▶ PROBLEM
An exact copy of every entry is required, without the pictures.

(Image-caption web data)
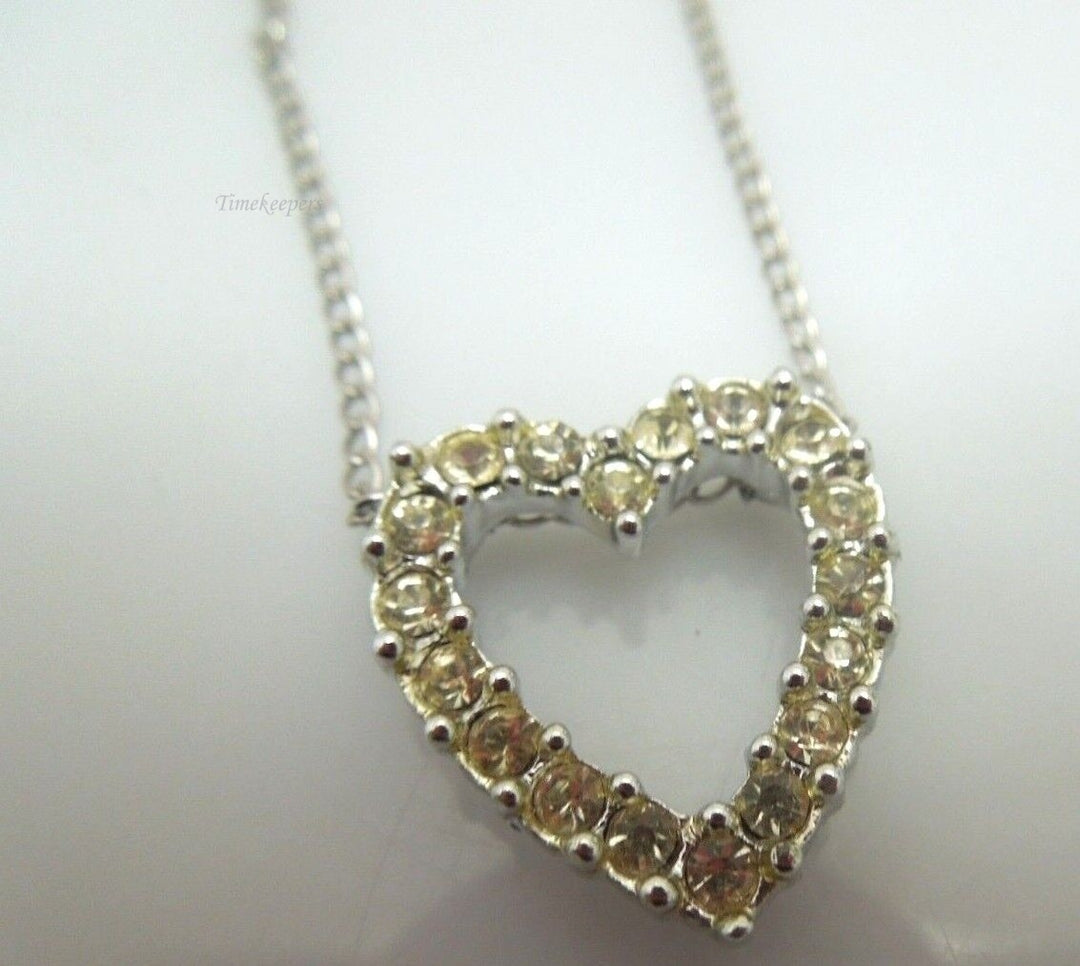 r374 Silvertone Cubic Zirconia Open Heart Pendant and Chain 15"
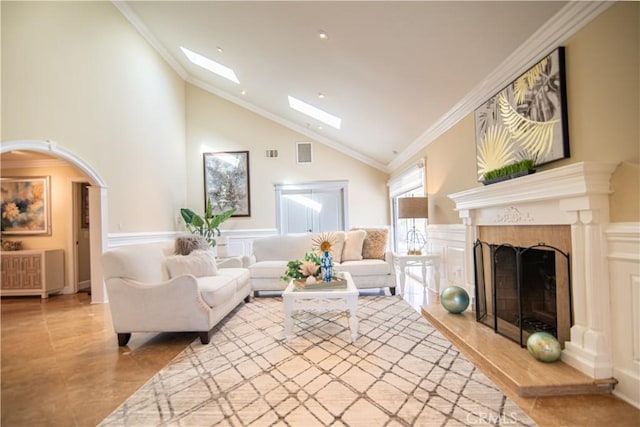 living room with a premium fireplace, a skylight, wainscoting, crown molding, and a decorative wall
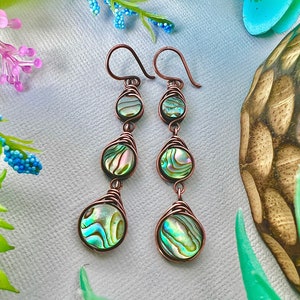 May include: A pair of long, dangling earrings with three iridescent abalone shell beads on each earring. The beads are wrapped in copper wire and the earrings have copper hooks.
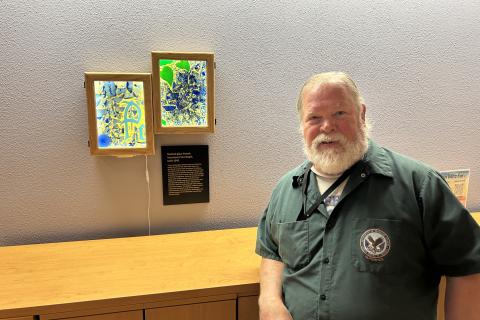 David Olsen, Maintenance Mechanic and master carpenter with the VA’s Vancouver campus, shows off two shadow boxes he recently created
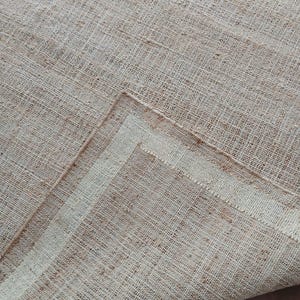 Peut inclure: Gros plan sur un tapis beige tiss&eacute; avec une surface textur&eacute;e. Le tapis a une teinte naturelle et terreuse avec des fibres visibles et un motif subtil. Le coin du tapis est repli&eacute;, r&eacute;v&eacute;lant une bordure plus claire.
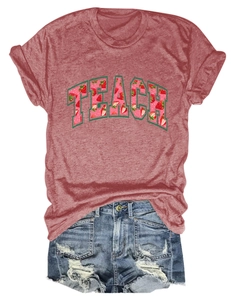 Flat lay detail of brick red TEACH strawberry tee paired with ripped denim shorts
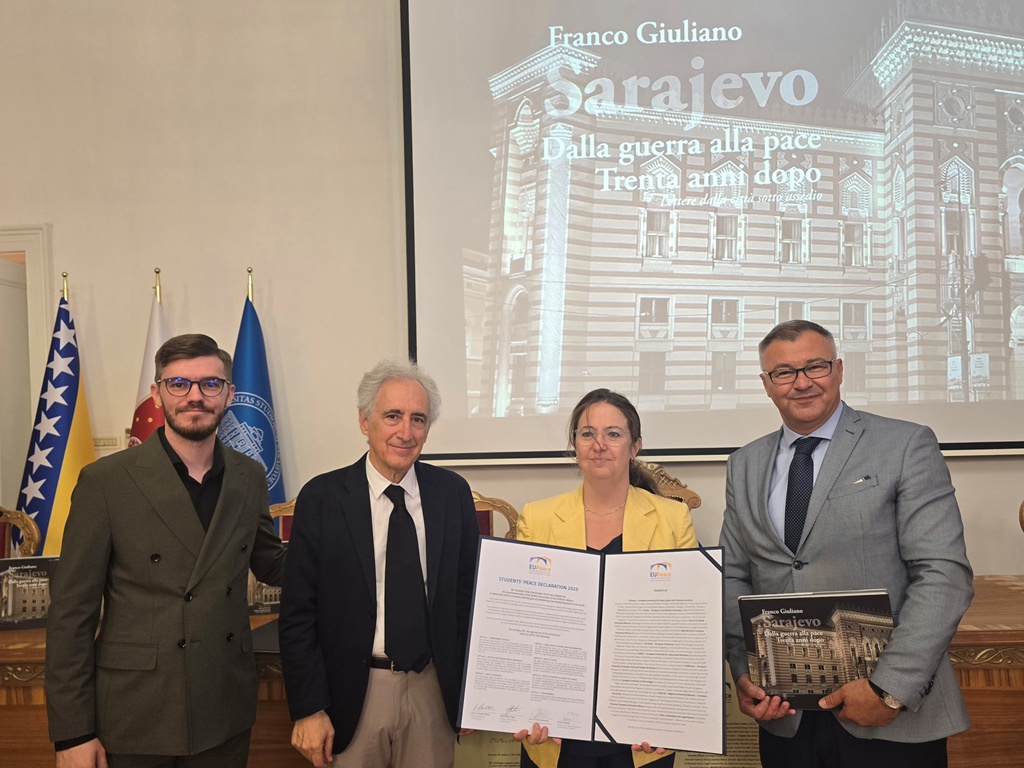 Four persons posing for a photo, holding the signed Students' Peace Declaration 2025. The persons are from left to right Imran Pašalić, Franco Giualiano, Sarah Eti Castellani and Kemal Durić.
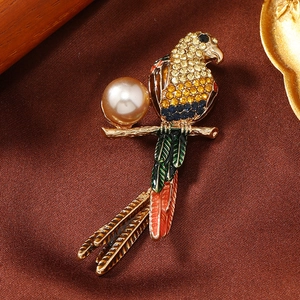 Close-up of a colorful rhinestone parrot brooch with a champagne pearl on silk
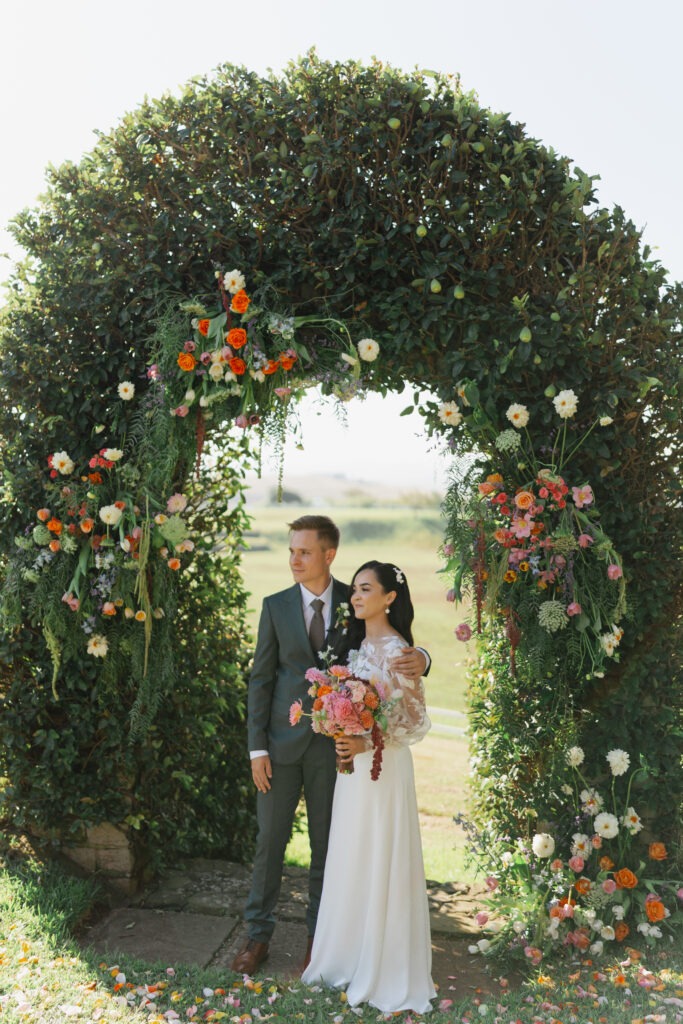 Bride and groom underneath colourful floral arch in Cape Town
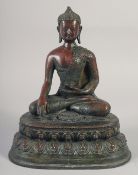 A LARGE BRONZE SEATED BUDDHA. 12ins long.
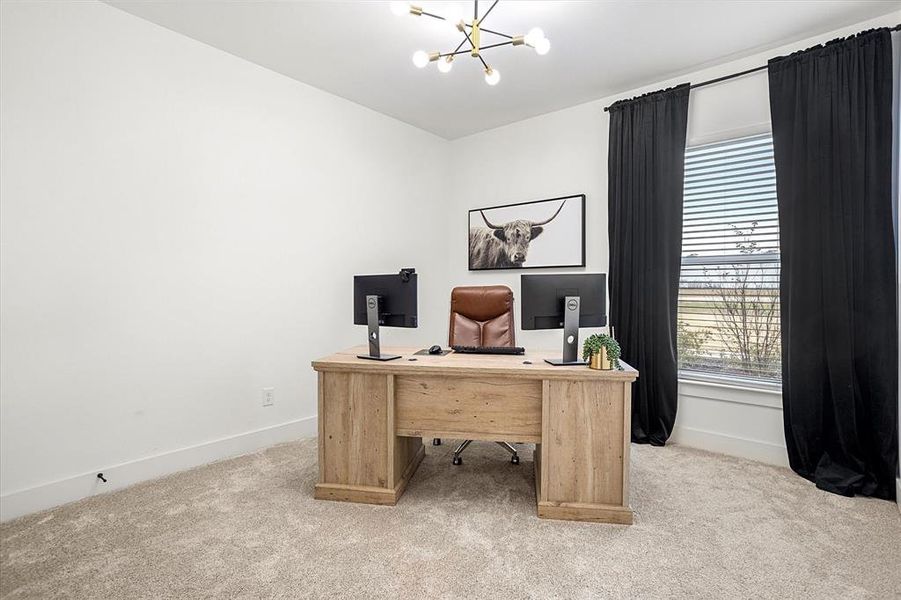 Office area featuring light colored carpet and a notable chandelier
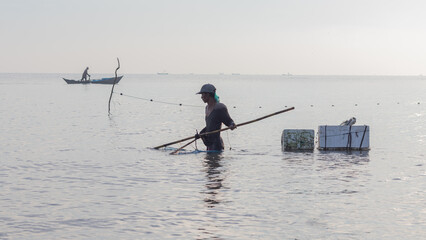 Shrimp fisherman carrying catch with Styrofoam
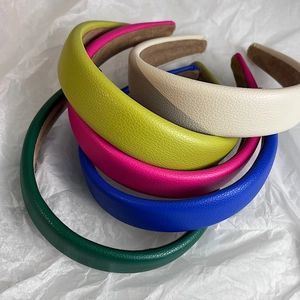 Stack of lychee texture leather headbands in blue, green, and pink on white paper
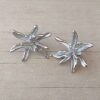 ARO DE ACERO FORMA FLOR. TAMAÑO 25 X 30 MM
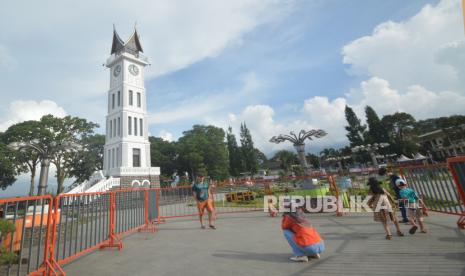 Pengunjung berfoto di pelataran Jam Gadang yang ditutup dengan pagar, di Bukittinggi, Sumatera Barat. Satgas COVID-19 Kota Bukittinggi, Sumatera Barat, memaksa 162 pelanggar protokol kesehatan (prokes) yang terjaring operasi yustisi di daerah ini menjalani tes usap.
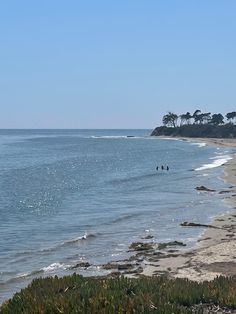 two people are walking on the beach near the water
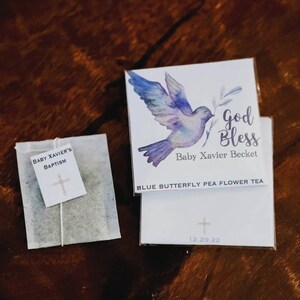 May include: A white tea bag with a blue butterfly pea flower tea tag. The tag features a watercolor illustration of a dove with an olive branch in its beak. The text on the tag reads "God Bless Baby Xavier Becket" and "Blue Butterfly Pea Flower Tea". The date "12.29.22" is printed on the bottom of the tag.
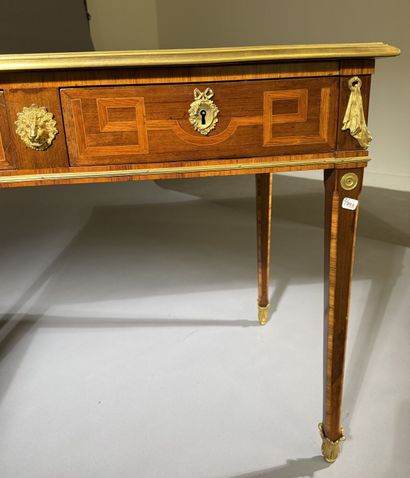 A small, flat desk made of rosewood and amaranth,...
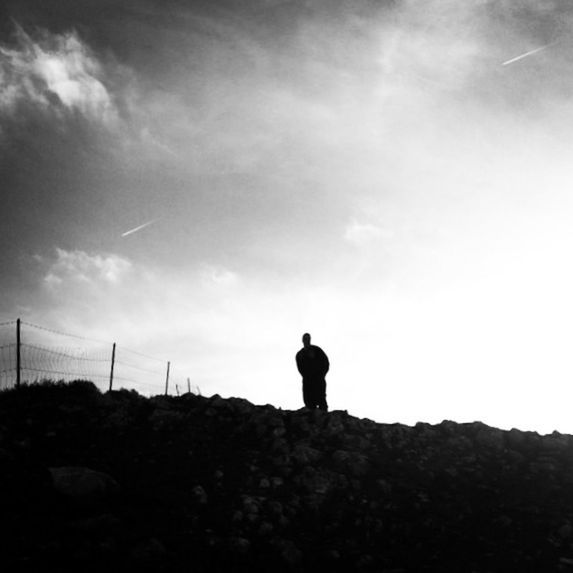 sky, standing, silhouette, rear view, lifestyles, full length, tranquility, men, leisure activity, tranquil scene, cloud - sky, nature, landscape, low angle view, cloud, solitude, beauty in nature, scenics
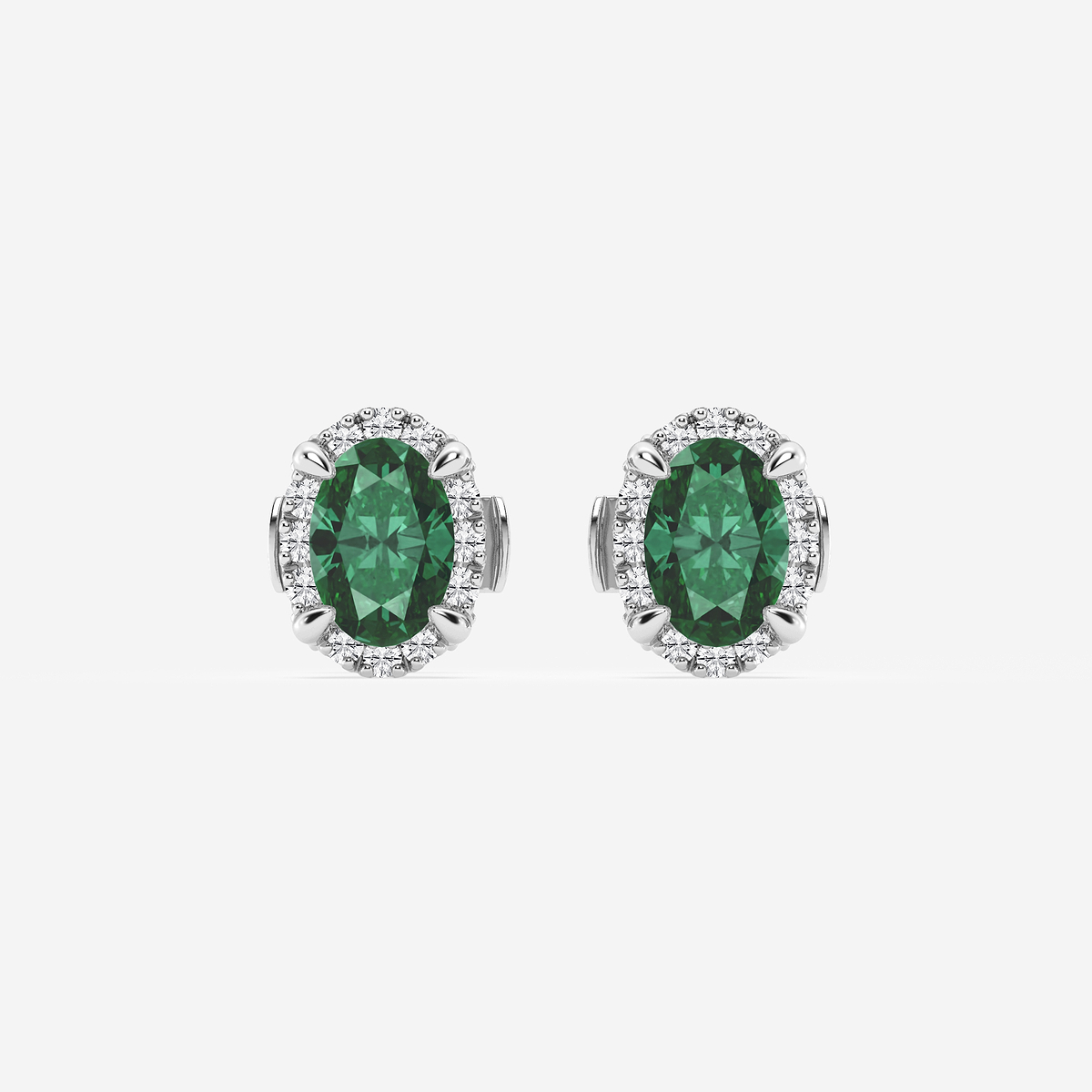 6x4 mm Oval Created Emerald and 1/4 ctw Round Lab Grown Diamond Shadow Halo Stud Earrings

▶ TASK ANSWER
 r374 Silvertone Cubic Zirconia Open Heart Pendant and Chain 15"
 living room with a premium fireplace, a skylight, wainscoting, crown molding, and a decorative wall
 May include: A pair of long, dangling earrings with three iridescent abalone shell beads on each earring. The beads are wrapped in copper wire and the earrings have copper hooks.
 David Olsen, Maintenance Mechanic and master carpenter with the VA’s Vancouver campus, shows off two shadow boxes he recently created
 Peut inclure: Gros plan sur un tapis beige tiss&eacute; avec une surface textur&eacute;e. Le tapis a une teinte naturelle et terreuse avec des fibres visibles et un motif subtil. Le coin du tapis est repli&eacute;, r&eacute;v&eacute;lant une bordure plus claire.
 Flat lay detail of brick red TEACH strawberry tee paired with ripped denim shorts
 Four persons posing for a photo, holding the signed Students' Peace Declaration 2025. The persons are from left to right Imran Pašalić, Franco Giualiano, Sarah Eti Castellani and Kemal Durić.
 Close-up of a colorful rhinestone parrot brooch with a champagne pearl on silk
 Bride and groom underneath colourful floral arch in Cape Town
 A LARGE BRONZE SEATED BUDDHA. 12ins long.
 Office area featuring light colored carpet and a notable chandelier
 Shrimp fisherman carrying catch with Styrofoam
 Stack of lychee texture leather headbands in blue, green, and pink on white paper
 ARO DE ACERO FORMA FLOR. TAMAÑO 25 X 30 MM
 Pengunjung berfoto di pelataran Jam Gadang yang ditutup dengan pagar, di Bukittinggi, Sumatera Barat. Satgas COVID-19 Kota Bukittinggi, Sumatera Barat, memaksa 162 pelanggar protokol kesehatan (prokes) yang terjaring operasi yustisi di daerah ini menjalani tes usap.
 two people are walking on the beach near the water
 May include: A white tea bag with a blue butterfly pea flower tea tag. The tag features a watercolor illustration of a dove with an olive branch in its beak. The text on the tag reads "God Bless Baby Xavier Becket" and "Blue Butterfly Pea Flower Tea". The date "12.29.22" is printed on the bottom of the tag.
 A small, flat desk made of rosewood and amaranth,...
 sky, standing, silhouette, rear view, lifestyles, full length, tranquility, men, leisure activity, tranquil scene, cloud - sky, nature, landscape, low angle view, cloud, solitude, beauty in nature, scenics
 6x4 mm Oval Created Emerald and 1/4 ctw Round Lab Grown Diamond Shadow Halo Stud Earrings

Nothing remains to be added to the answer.